Rightly or wrongly, personally I consider all the deaths of all people who left their homes as a result of the actions of the Pakistan authorities and their collaborators as genocidal deaths. Perhaps we will never know the accurate figure. It could easily be over three million.

It is important to also record the different forms of genocide. I heard of an incident at Sherpur's Haluaghat, which was also recorded by one of the Newsweek correspondents at the time.

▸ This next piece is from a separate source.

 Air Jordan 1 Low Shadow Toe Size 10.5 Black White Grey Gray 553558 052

"Young men of the village were called together by a Pakistani Army major and he said that his wounded soldiers urgently needed blood. Would they be donors? The young men lay down on makeshift cots, needles were inserted in their veins-and then slowly the blood was drained from their bodies and they died."  Newsweek's Tony Clifton, a recipient of the 'Friends of Liberation War Honour', wrote.

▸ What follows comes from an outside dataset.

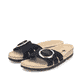 Schwarze Rieker Damen Pantoletten 69880-00 mit Schnalle sowie leichter Sohle. Schuhpaar seitlich schräg.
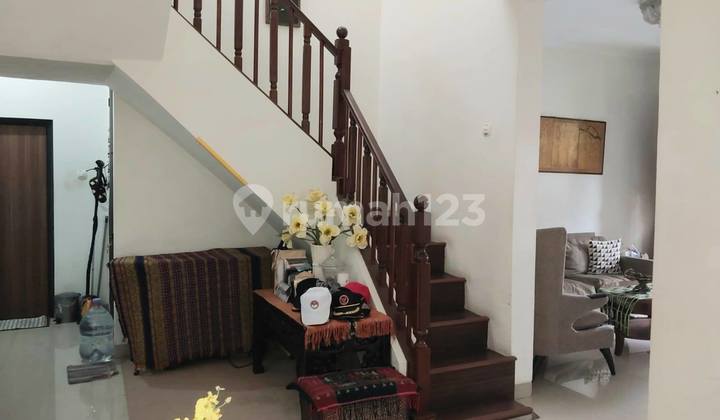 Spacious, comfortable house with a prime location in Cinere… first come, first served! 2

"The refugees stand patiently, calf deep in stagnant water, eager to tell me their stories so I can tell others. I collect a notebook of horror – rape and murder and kidnapping. They tell me how they saw their children stabbed, their husbands or brothers executed, their wives collapsing with fatigue or sickness. The stories are all new, and all the same."

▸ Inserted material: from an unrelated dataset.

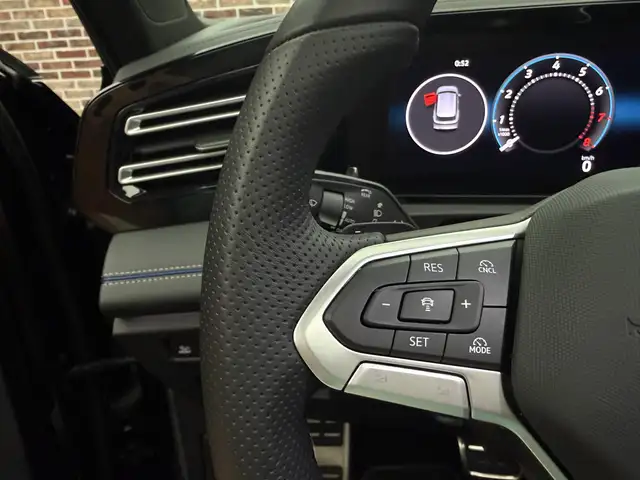 Volkswagen Tiguan view 11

Now, 47 years after the emergence of Bangladesh, it is vitally important that the world authorities officially accept and recognise that what happened in Bangladesh in 1971 was genocide. There are many eye witness accounts that have been documented. For example, the powerful writing of Anthony Mascarenhas who visited East Pakistan in April 1971 (his writing, entitled 'GENOCIDE', was published on Jun 13, 1971 by The Sunday Times).

The May 22, 1971 editorial of US publication, 'Saturday Review' entitled 'Genocide in East Pakistan'. And the British magazine, 'The Spectator' in its issue of Jun 19, 1971, in an article entitled, 'Another Final Solution' included the following:

"We, in this country, like to think that among the reasons why we fought the Germans in the last war was to rid the world of the evil of Hitler and his gang and their genocidal, 'final solution.' It is easier to imagine Germany's gas chambers than Pakistan's cholearic slaughter in the Bengal Plain, but it remains the case and it ought to be declared that the Pakistani crime now matches the Hitlerian in dimension and horror and threatens monstrously to exceed it. Difficult and unpleasant though it may be, each one of us ought to endeavour to the best of his ability to imagine the enormity of the Pakistani crime."

The Ministry of Foreign Affairs should be asked to ensure that all high commissions and embassies around the world must get ready to bring the issue of the genocide in 1971 to their respective host governments and to seek their cooperation in recognising it.